MANAGEMENT DISCUSSION AND ANALYSIS:
The Management's Discussion and Analysis of operations for the year
under review, as stipulated under clause 49 of the listing agreement
with the stock exchanges, is provided in Annexure-'I' forms part of
this Annual Report.
CONSERVATION OF ENERGY, TECHNOLOGY ABSORPTION AND FOREIGN EXCHANGE
EARNINGS AND OUTGO.
Information in accordance with the provisions of Section 134(3) (m) of
the Companies Act, 2013 read with Rule 8 of the Companies (Accounts)
Rules, 2014 regarding conservation of energy, technology absorption and
foreign exchange earnings and outgo is given hereunder:
i. CONSERVATION OF ENERGY:
a) Energy Conservation measure taken: The Company ensures that the
manufacturing operations are conducted in the manner whereby optimum
utilization and savings of energy is achieved.
b) Additional investments and proposals, if any, being implemented for
reduction of consumption of energy: No specific investment has been
made.
c) Impact of the measures at (a) and (b) above for reduction of energy
consumption and consequent impact on the cost of production: Impact of
measures taken not quantitative and as such can not be stated
accurately.
d) Total Energy consumption per unit of production as per form 'A' to
the Rules in respect of industries specified in schedule hereto:
ii. TECHNOLOGY ABSORPTION:
Your Company has always been making best efforts towards technology
absorption, adaption and innovation to improve the quality of its
products being manufactured at its various units and to reduce the cost
of production.
DIRECTORS' RESPONSIBILITY STATEMENT:
To the best of knowledge and belief and according to the information
and explanations obtained by them, your directors make the following
statements in terms of Section 134 (3)(c) of the Companies Act, 2013:
i. that in the preparation of the annual accounts for the year ended
March 31, 2015, the applicable accounting standards have been followed
along with proper explanation relating to material departures, if any;
ii. that they had selected such accounting policies and applied them
consistently and made judgments and estimates that are reasonable and
prudent so as to give a true and fair view of the state of affairs of
the Company as at March 31, 2015 and the profit or loss of the Company
for the year ended on that date;
iii. that the directors have taken proper and sufficient care for the
maintenance of adequate accounting records in accordance with the
provisions of the Companies Act, 2013 for safeguarding the assets of
the Company and for preventing and detecting fraud and other
irregularities;
iv. that they had prepared the annual accounts for the financial year
ended on 31st March,2015;
v. that he directors had laid down internal financial controls to be
followed by the company and that such internal financial controls are
adequate and were operating effectively; and
vi. that the directors had devised proper system to ensure compliance
with the provisions of all applicable laws and that such system were
adequate and operating effectively.
CORPORATE SOCIAL RESPONSIBILITY (CSR) INITIATIVES:
Corporate Social Responsibility was not applicable to the Company for
the financial year under review. The Philosophy of the company works
with objectives of contributing to the sustainable development of the
society and to create a greener and cleaner environmental around us.

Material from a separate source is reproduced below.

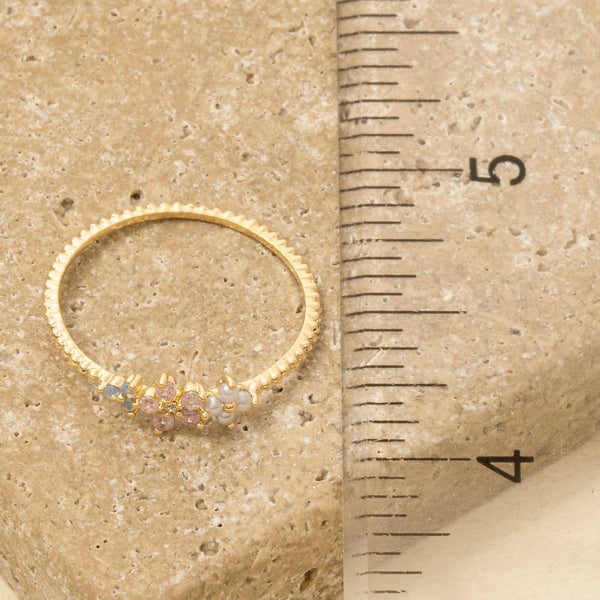 Delicate Gold Dipped Cz Floral Ring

The Corporate Social Responsibility (CSR) activities of Vallabh Steels
Limited reflect its philosophy of enhancing value to the society and
the environment around us.
The CSR activities done by the Company are identified after conducting
a proper market research to identify the social and environment needs
which are need of the hour.
TRANSFER OF AMOUNTS TO INVESTOR EDUCATION AND PROTECTION FUND:
Your Company did not have any funds lying unpaid or unclaimed for a
period of seven years. Therefore there were no funds which were
required to be transferred to Investor Education and Protection Fund
(IEPF).
ACKNOWLEDGEMENT:
Your Directors take this opportunity to express their sincere thanks
and appreciation to the team of executives, staff members and workers
at all levels for their co-operation, hard work, dedication and
devotion. Our thanks are also due to the Bankers, Government
Authorities and Business constituents for their continued support and
co-operation extended from time to time to the Company.

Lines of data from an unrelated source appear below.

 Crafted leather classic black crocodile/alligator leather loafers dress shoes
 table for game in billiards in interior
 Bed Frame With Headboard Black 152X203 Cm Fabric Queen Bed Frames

BY ORDER OF THE BOARD OF DIRECTORS
Sd/-
PLACE : LUDHIANA (KAPIL KUMAR JAIN)
DATED : 14.08.2015 CHAIRMAN & MANAGING DIRECTOR
Mar 31, 2014
The Members,
Vallabh Steels Limited
We have pleasure in presenting the 34th Annual Report of the Company
alongwith the Audited Statement of Accounts for the year ended 31st
March, 2014:
FINANCIAL RESULTS
(Rsin Lacs)
Current Year Previous year
Revenue from Operations
and Other Income 16959.54 20129.48
Profit before Interest,
Depreciation and Tax 637.03 568.32
Less :
Financial Costs 302.36 355.80
Provision for Depreciation 110.27 136.15
Taxes : Current Tax - 12.19
Deferred Tax/Earlier year
tax adjustment (35.11) 377.52 (78.99) 425.15
Profit after Tax 259.51 143.17
Add:
Balance b/f from Previous 2730.53 2612.37
Yfear
Profit available for 29 90.04 2755.54
appropriations
Appropriations
Transferred to General 25.00 25.00
Reserve
Surplus Carried to 2965.04 2730.54
Balance Sheet
29 90.04 2755.54
OPERATIONS
During the year under review the Company has recorded a lower Income
from operations which is placed at Rs. 16959.54 lacs as compared to Rs.

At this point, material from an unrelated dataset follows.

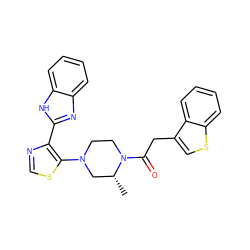 C[C@@H]1CN(c2scnc2-c2nc3ccccc3[nH]2)CCN1C(=O)Cc1csc2ccccc12 ZINC001772577373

20129.48 lacs of previous year thus representing a decline of about
16.27 % which is attributed to lower production resulting in lower
sales. However the net profit after tax is Rs.259.51 lacs from
Rs.143.17 lacs recording a jump of about 81.26 %. This has been made
possible due to optimum utilisation of resources which has resulted in
cost control.
EXPORTS
We are pleased to inform you that during the year under review, the
Company continued to export its products to African Countries.
Despite wide fluctuation in prices and stiff competition the company
registered higher exports at Rs. 998.08 lacs as compared to Rs. 871.07
lacs in the previous year recording a jump of about 15%.
DIVIDEND
With a view to conserve resources for Company''s immediate requirements,
your directors do not recommend any dividend for the year under
consideration.
LISTING OF SHARES
The Equity Shares of the Company are listed at BSE Limited, Phiroze
Jeejeebhoy Towers, Dalal Street, Mumbai. The company has duly paid the
listing fee to BSE Limited, Mumbai upto the Financial Year 2014-15.
FIXED DEPOSITS
During the year, your Company has not accepted any fixed deposits
within the meaning of Section 73 of the Companies Act, 2013 and the
Rules made thereunder.
DIRECTORS
Mr. Rahul Jain and Mr. Mohinder Pal Gupta, Directors of the company
retire by rotation at the forthcoming Annual General Meeting and being
eligible offer themselves for re-appointment.
Further reappointment of Mr. Mohan Lal, Mr. Mohinder Pal Gupta, and Mr.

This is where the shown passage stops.